Although federated learning improves privacy of training data by exchanging
local gradients or parameters rather than raw data, the adversary still can
leverage local gradients and parameters to obtain local training data by
launching reconstruction and membership inference attacks. To defend such
privacy attacks, many noises perturbation methods (like differential privacy or
CountSketch matrix) have been widely designed. However, the strong defence
ability and high learning accuracy of these schemes cannot be ensured at the
same time, which will impede the wide application of FL in practice (especially
for medical or financial institutions that require both high accuracy and
strong privacy guarantee). To overcome this issue, in this paper, we propose
\emph{an efficient model perturbation method for federated learning} to defend
reconstruction and membership inference attacks launched by curious clients. On
the one hand, similar to the differential privacy, our method also selects
random numbers as perturbed noises added to the global model parameters, and
thus it is very efficient and easy to be integrated in practice.
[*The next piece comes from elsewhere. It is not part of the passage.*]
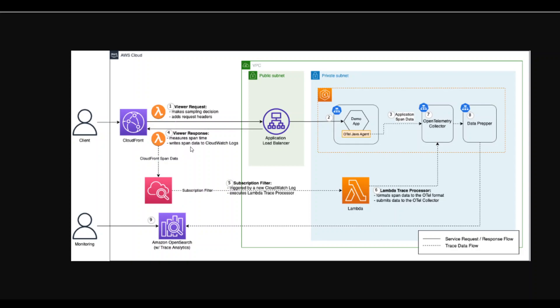OpenTelemetry is a set of APIs, SDKs, tools, and integrations designed for telemetry data, such as traces, metrics, and logs. It serves as a common specification to generate and collect telemetry data in a vendor agnostic way.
Meanwhile, the
random selected noises are positive real numbers and the corresponding value
can be arbitrarily large, and thus the strong defence ability can be ensured.
On the other hand, unlike differential privacy or other perturbation methods
that cannot eliminate the added noises, our method allows the server to recover
the true gradients by eliminating the added noises. Therefore, our method does
not hinder learning accuracy at all.